Joho the Bloglodlam Archives - Page 2 of 2 - Joho the Blog

June 19, 2013

[lodlam] Focus on helping users

Corey Harper [twitter:chrpr] starts a session by giving a terrific presentation of the problem: Linked data discussions and apps have focused too much on resources instead of on topics, narratives, etc. — what users are using resources to explore. We are not extracting all the value from librarians’ controlled vocabulary.

NOTE: Live-blogging. Getting things wrong. Missing points. Omitting key information. Introducing artificial choppiness. Over-emphasizing small matters. Paraphrasing badly. Not running a spellpchecker. Mangling other people’s ideas and words. You are warned, people.

Some notes from the open discussion. Very sketchy, much choppier than in life, and highly incomplete.

Why not use Solr, i.e., an indexer of SQL databases? In part because Solr doesn’t know enough about the context, so a search for “silver” comes back with all sorts of hits without recognizing that some refer to the mineral, some to geo places with “silver” in the name, etc. E.g., if you say “john constable artist birthdate,” linked data can get you the answer. [I typed that into Google. It came back with the answer in big letters.]

Linked data can do the sort of thing that reference librarians do: Here’s what you’re looking for, but have you also seen this and this and that?

How do we evaluate the user interfaces we come up with? How do we know if it’s helped someone find something, put something into context, tell a story…?

We have two weird paradigms in the library community: Lucene-based indexes of metadata (e.g., Blacklight) vs. exhibit makers (e.g., Omeka). How to bring those together so exhibits are made through an index, and the flow through them is itself indexed and made findable and re-usable. (And then there’s the walking through a room and discovering relationships among things.)

How do we preserve the value of the subject classifications? [Here’s one idea: Stacklife :) ]

It’s important to keep one of the core functions of catalog: to identify and create identities for resources. A lot of our examples are facts, but in the Humanities what’s our role in maintaining identities around which we can hang relationships and maintain the disagreements among people. How do you help people navigate that problem space?

The Web’s taught us that the only way to find things is through search, but let’s remember the “link” in “linked data”: the ability to find the relationship between things you’ve found. E.g., the Google Knowledge Graph and Google fact panel are doing this to some degree.

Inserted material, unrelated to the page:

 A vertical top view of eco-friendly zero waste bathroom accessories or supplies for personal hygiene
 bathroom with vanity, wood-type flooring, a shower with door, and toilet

We’ve lost that, thanks to computers.

People want to have debates and find conflicting information. It’s hard how to bring this into a search interface.

The Digital Mellini project digitized a specialized manuscript and opened up. Once something is digitized, there are pieces you cannot see with the human eye — e.g., marginal notes.

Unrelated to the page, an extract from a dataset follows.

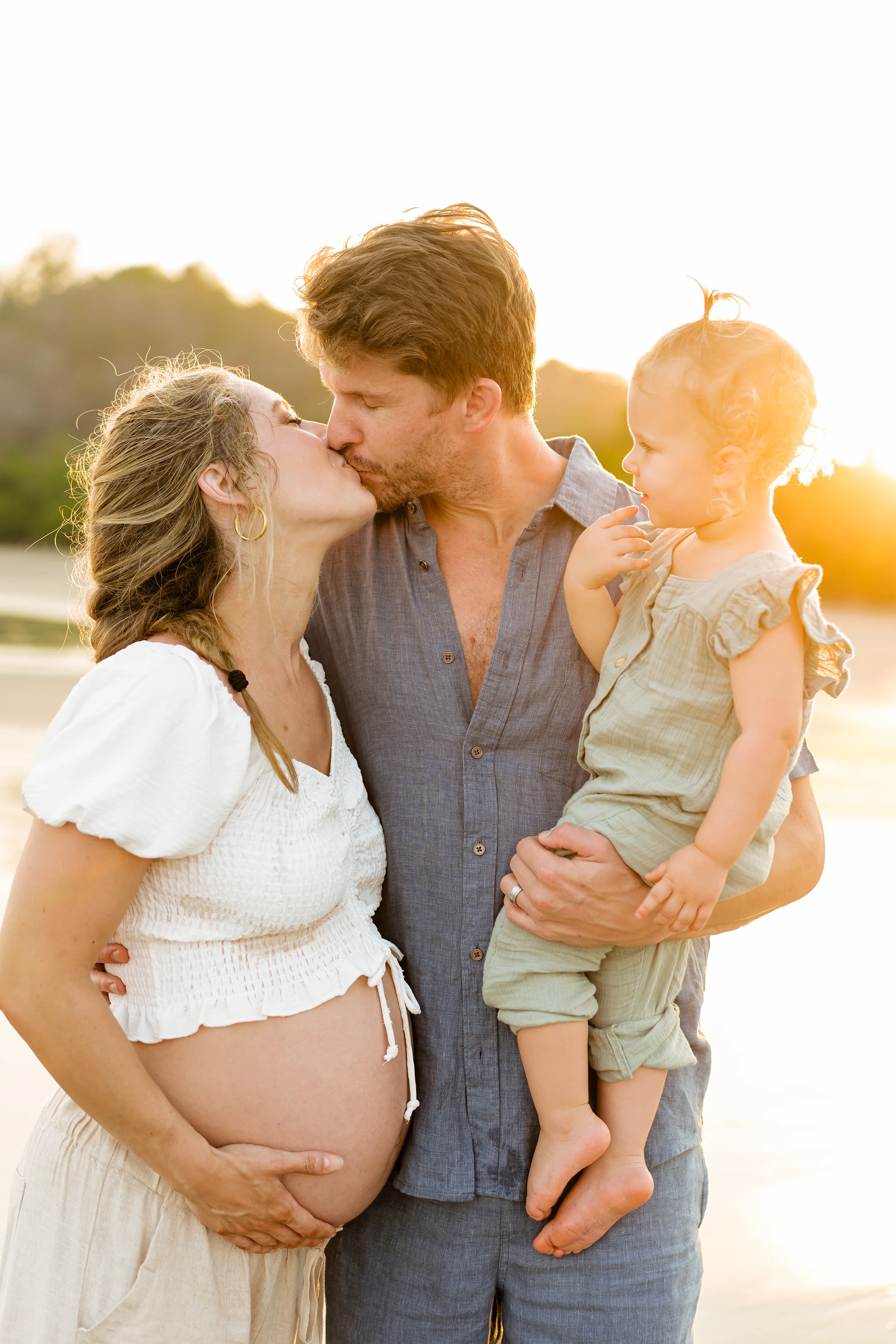 Family portrait at golden hour on beach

Other examples of the sort of thing that Corey is talking about:

  • Linking Lives. EACCPF (corporations persons and families).

  • SNACs [??] (“Facebook for dead people”) mines finding aids to find social relationships.

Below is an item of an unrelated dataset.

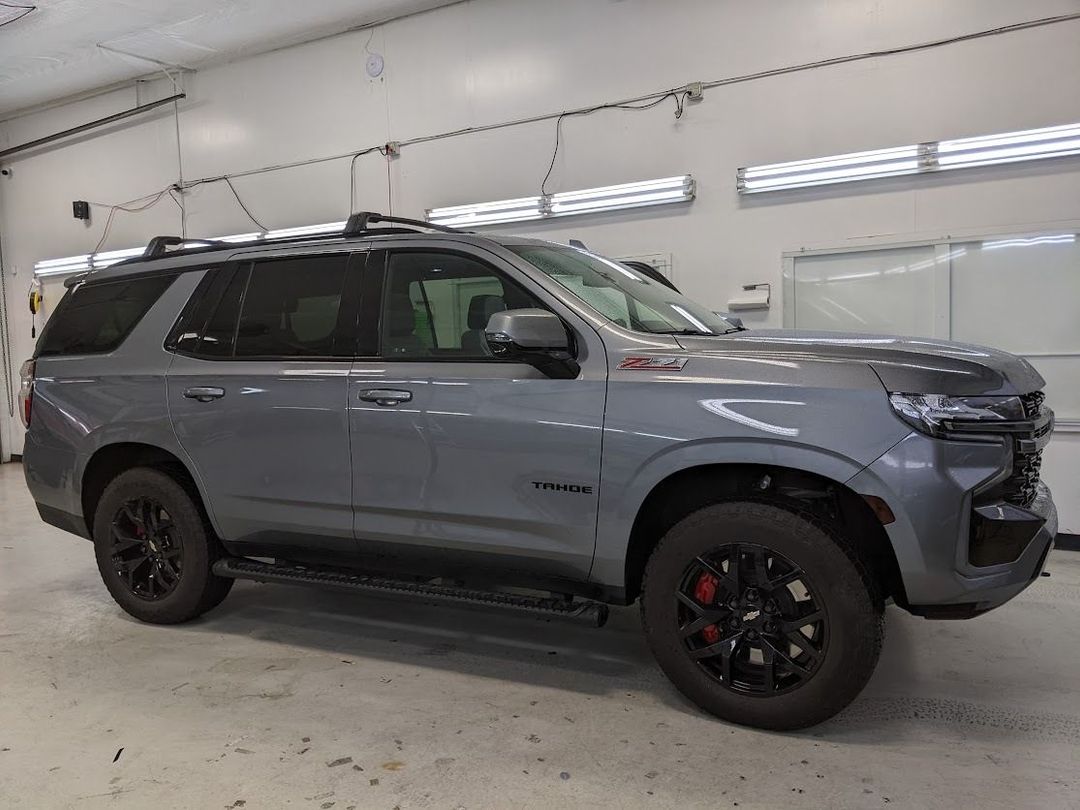 Gray SUV parked indoors in a garage-like space, with black wheels and red brake calipers.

  • LinkSailor (RIP) traversed a many OWL sameAs relationships.

  • CultureSampo (Finnish)

  • Tim Sherratt‘s group has something coming out soon

People think that museum web sites are boring. At LODLAM we’re a bunch of data geeks and are the wrong people to be talking about user interfaces. Response: We should take the Apple route and give people what they don’t know they want. We should also be testing our models against how people think about the world.

“I have a lot of data. It’s very sparse and sometimes very concentrated. It’s hard to know what users want from it. I don’t know what’s going to be important to you. So we generate video games, using geodata to create the playing field.” That’s not a retrieval engine, but it’s a way to make use of the factoids.

Read “The Lean Startup.” The Minimum Viable Product is an important idea. Don’t underrate the role of the product owner in shaping a great project. (Me:) Having strong, usable, graphs that take advantage of what libraries know would be helpful.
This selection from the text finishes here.